Washington Free Beacon senior editor Bill Gertz argued during an interview on investigative report program "Zooming In" that U.S. security policy toward China has for decades been based on "hope."
Gertz said the conventional wisdom that China would reform itself in response to international trade was fundamentally mistaken. Host Simone Gao asked how leaders have formed policy toward China, and Gertz said it is based on hope rather than evidence.
"You can’t build a national security policy based on hope, and that is what they did in hoping that trading with China would bring about a more peaceful, a more democratic, more open China," he said.
Gertz described how China has posed a threat to U.S. interests for years and business leaders deluded themselves into thinking trade would moderate the Chinese communist government.
"I have been sounding the alarm on what I call the China threat for many years," he said. "I have argued since the beginning that the fundamental approach to China has been mistaken.
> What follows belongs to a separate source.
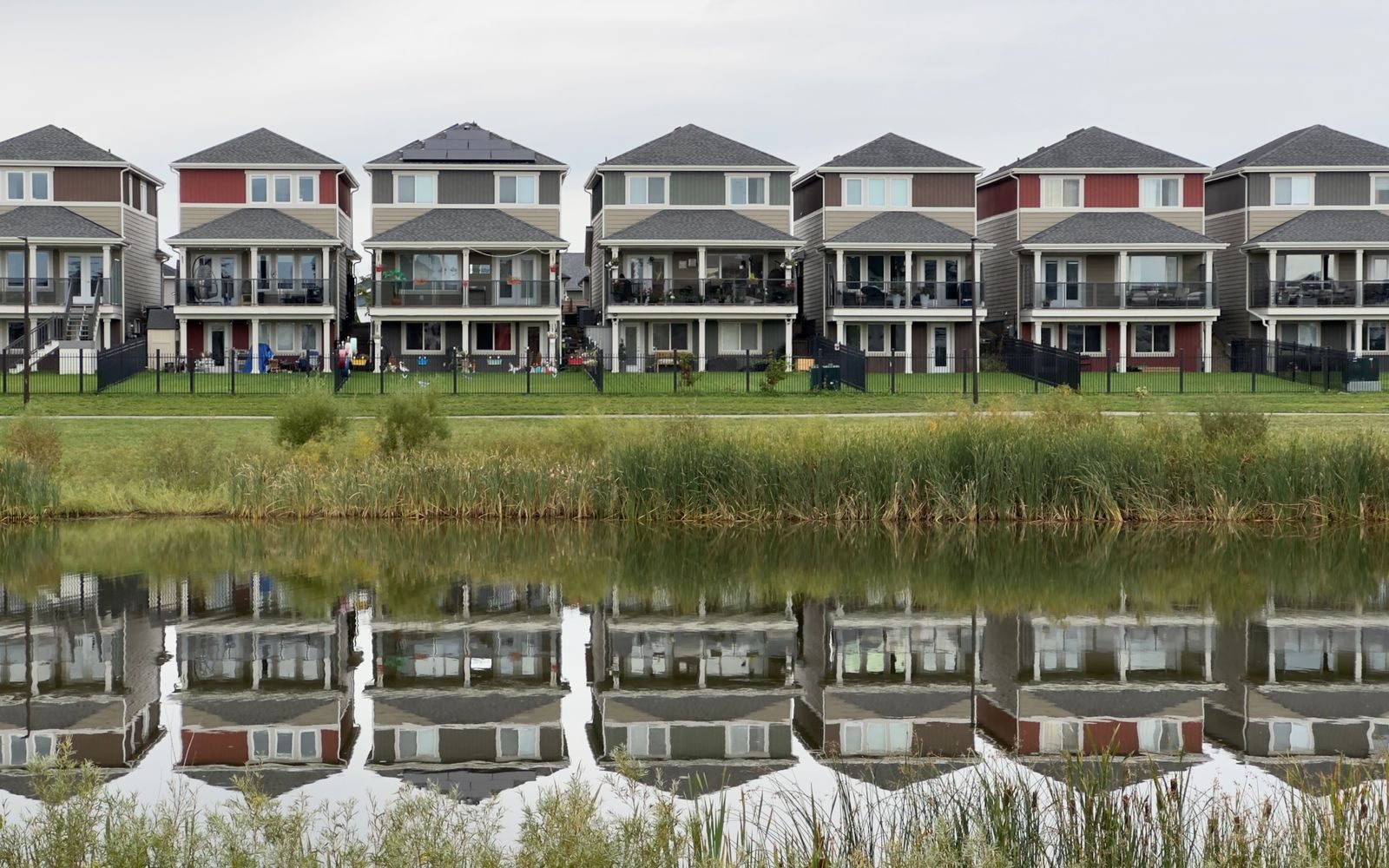 Row of Golden Horseshoe suburban homes along a pond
And that approach has been, partly, that if the United States trades with China, then that trade with China, that this trade and business interaction will have a moderating influence and will ultimately result in the evolution of China from a communist state to a democratic state."
He said this idea goes back to the 1980s and is deeply flawed.
"That assumption has been the underpinnings of American policy for more than 30 years, going back to the 80s, and it has proved to be fundamentally false," Gertz said. "We have not seen a moderating of China. We have not seen an evolution toward a democratic system; in fact, we have seen just the opposite."
China under President Xi Jinping has grown more repressive, while the government has continued to antagonize the U.S. by stealing key technologies.